Although coffee has been around for hundreds of years, many changes have occurred over the past two decades. Originally, people roasted their own coffee, often using a hand-powered roaster that would be set over a flame. With the introduction of packaged products, roasted coffee quickly became a convenient and time-saving item to purchase. Instant coffees further moved America away from hand-roasting until the practice, much like churning butter or making cheese, was all but forgotten.
While Europeans long enjoyed espresso, the beverage was usually only found in ethnic neighborhoods in the USA, such as New York’s “Little Italy” or Boston’s “North End”. It wasn’t until the late 1980’s when the espresso drink movement took of in Seattle, Washington and began a trend that exploded across the continent.

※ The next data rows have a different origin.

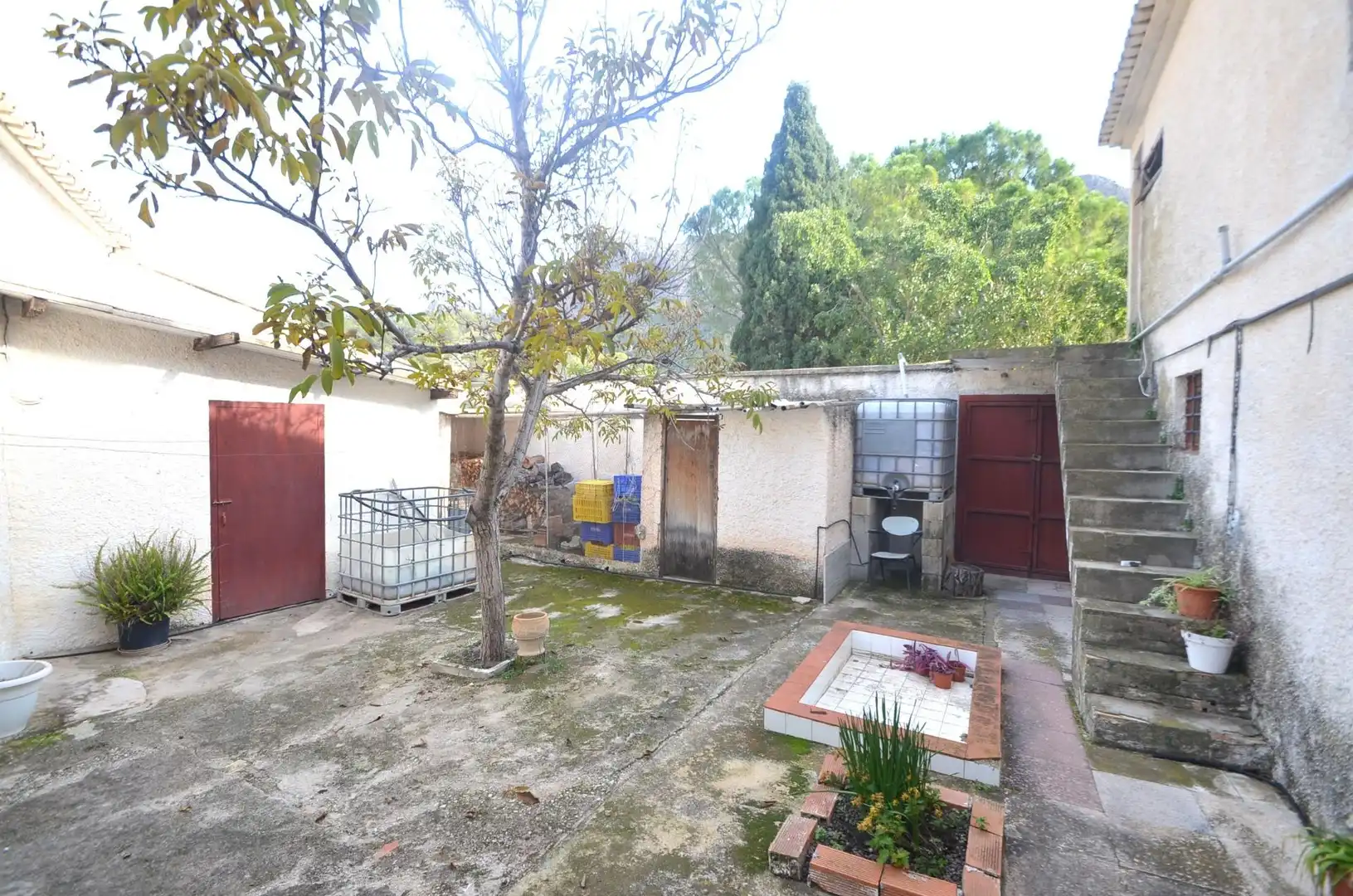 Jardí de Casa o xalet en venda en Orxeta amb Terrassa, Traster i Moblat
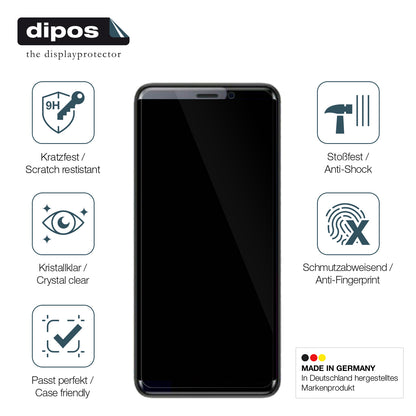 1x 9H Schutzfolie für Coolpad Cool Play 7C Panzerfolie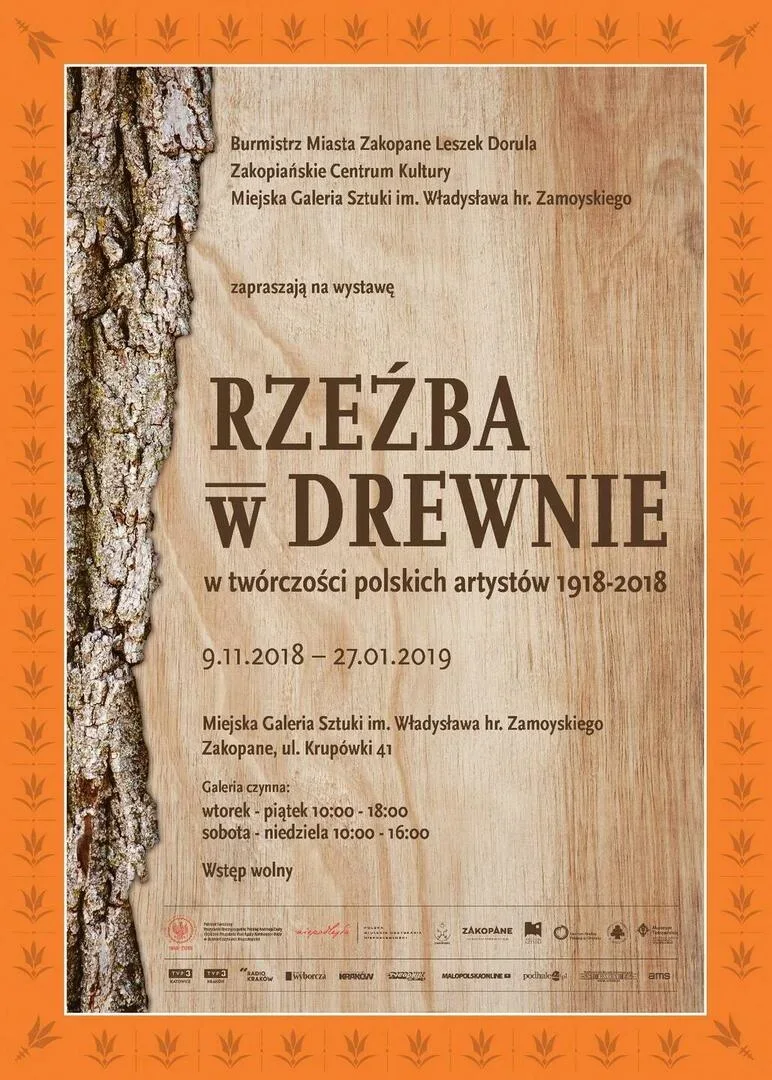 RZEŹBA W DREWNIE W TWÓRCZOŚCI POLSKICH ARTYSTÓW 1918-2018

Originally, espresso was based on a dark roasted coffee, in the style popular among Europeans. But some roasters who were not tied to tradition, were convinced that a dark roast masked some of the flavors that differentiate coffee beans from different regions, began experimenting with lighter roasts and different techniques of producing coffee. Thus was born the “Third Wave” coffee movement, replacing espresso-style roasts with select beans roasted using profiles that are arrived at through experimentation, and brewed with techniques that afford a high level of control and consistency to arrive at an optimum result.
Does this mean Third Wave coffee is better? To some, yes, but others don’t care for the sour notes and other emergent flavors that are more apparent in light roasted coffee. Ultimately, it comes down to what you enjoy, whether it’s the familiar taste and smell you grew up with, the heavy, smokey flavors of Italy, or the distinctive wine-like character of the Third Wave approach. Drink what you like, and to each one’s own.